PROVIDED DATA:
=== Begin Enclosure ===
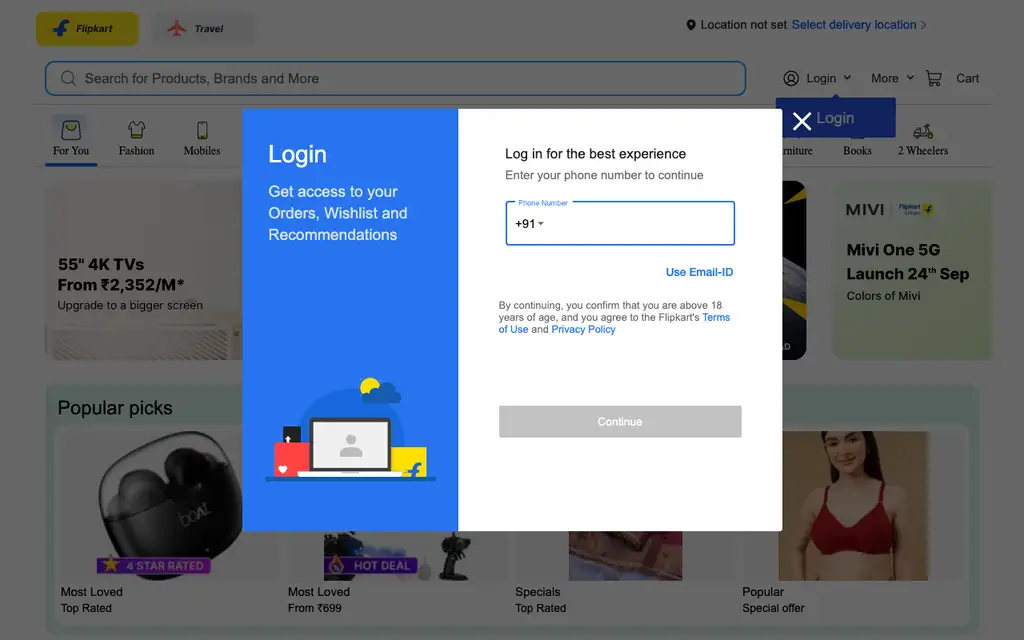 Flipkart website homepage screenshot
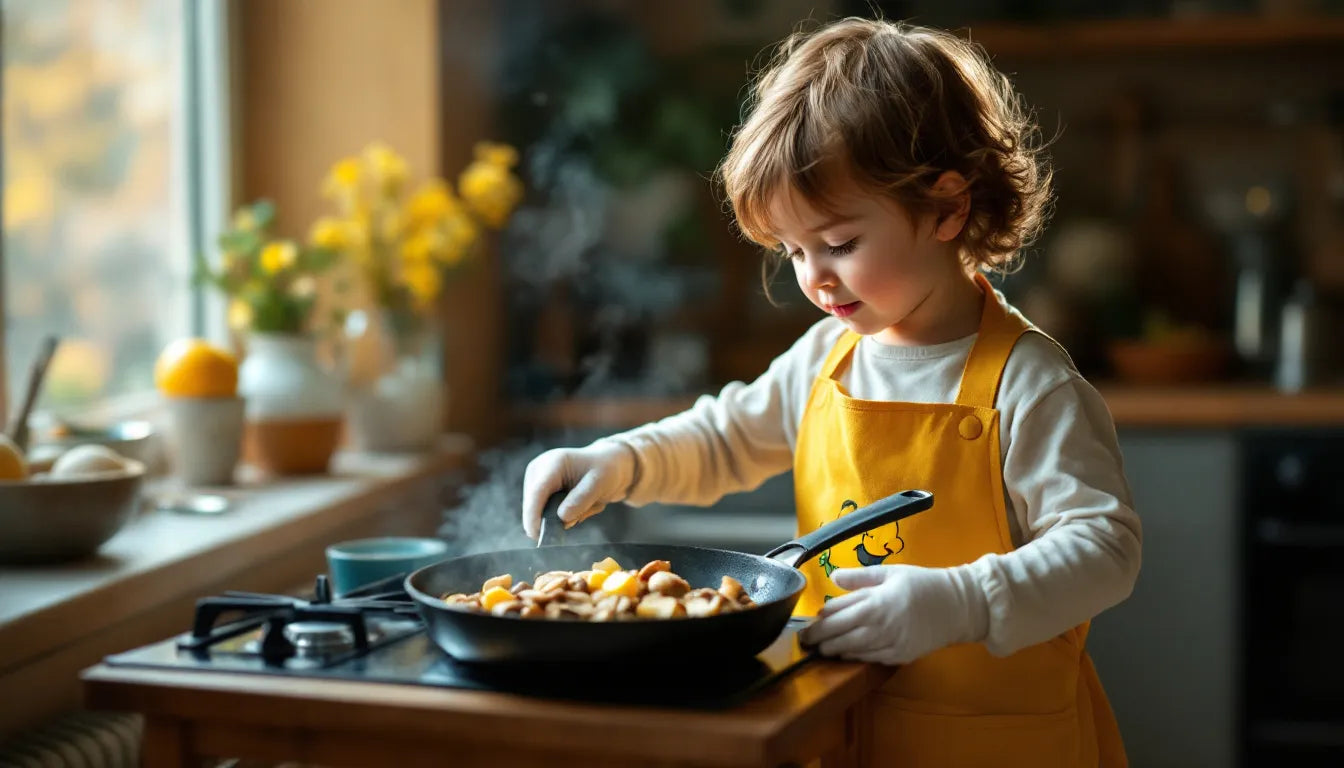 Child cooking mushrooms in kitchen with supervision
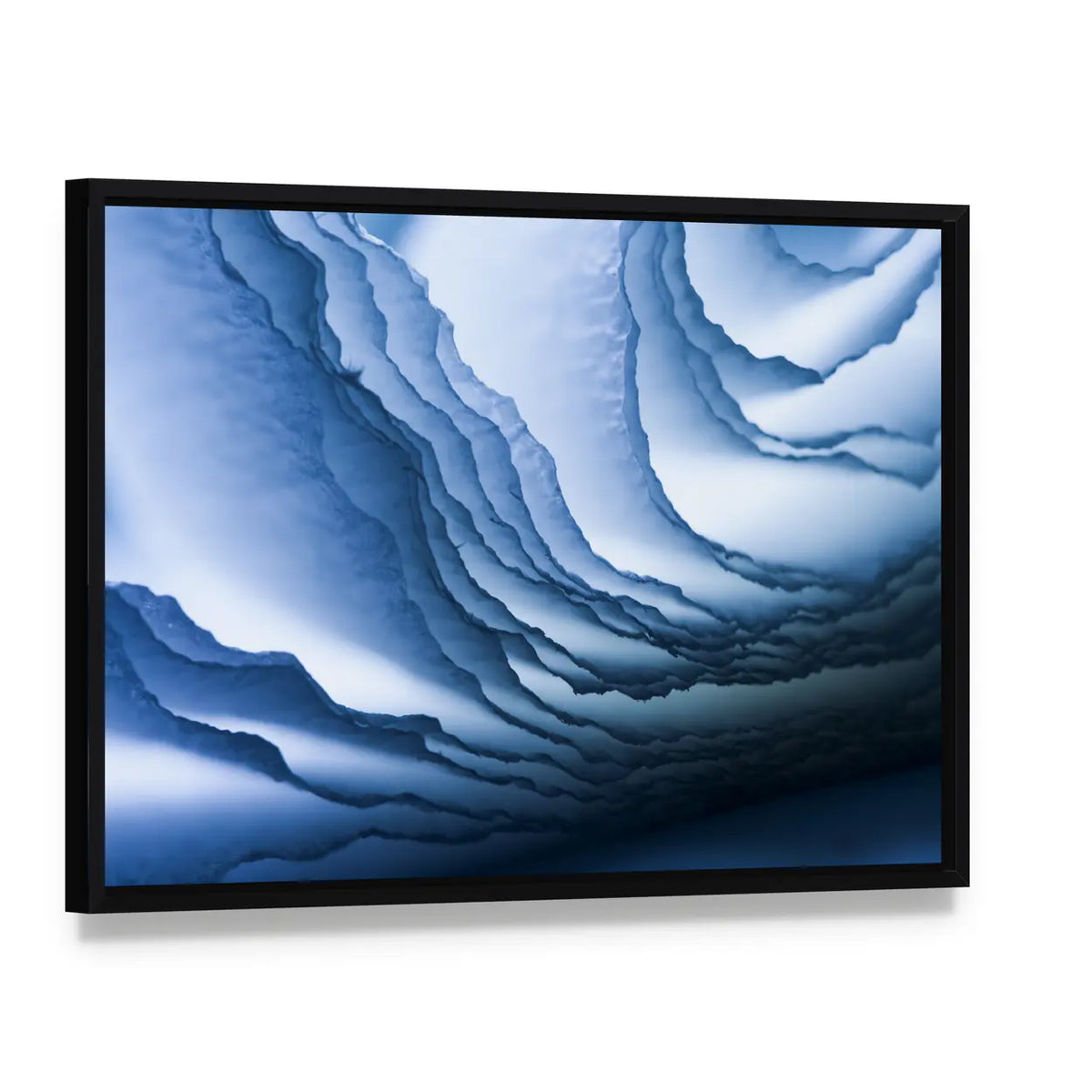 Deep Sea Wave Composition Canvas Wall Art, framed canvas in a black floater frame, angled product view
=== End Enclosure ===
Everything in the listing is to be returned word for word, except the pictures.

 Flipkart website homepage screenshot
 Child cooking mushrooms in kitchen with supervision
 Deep Sea Wave Composition Canvas Wall Art, framed canvas in a black floater frame, angled product view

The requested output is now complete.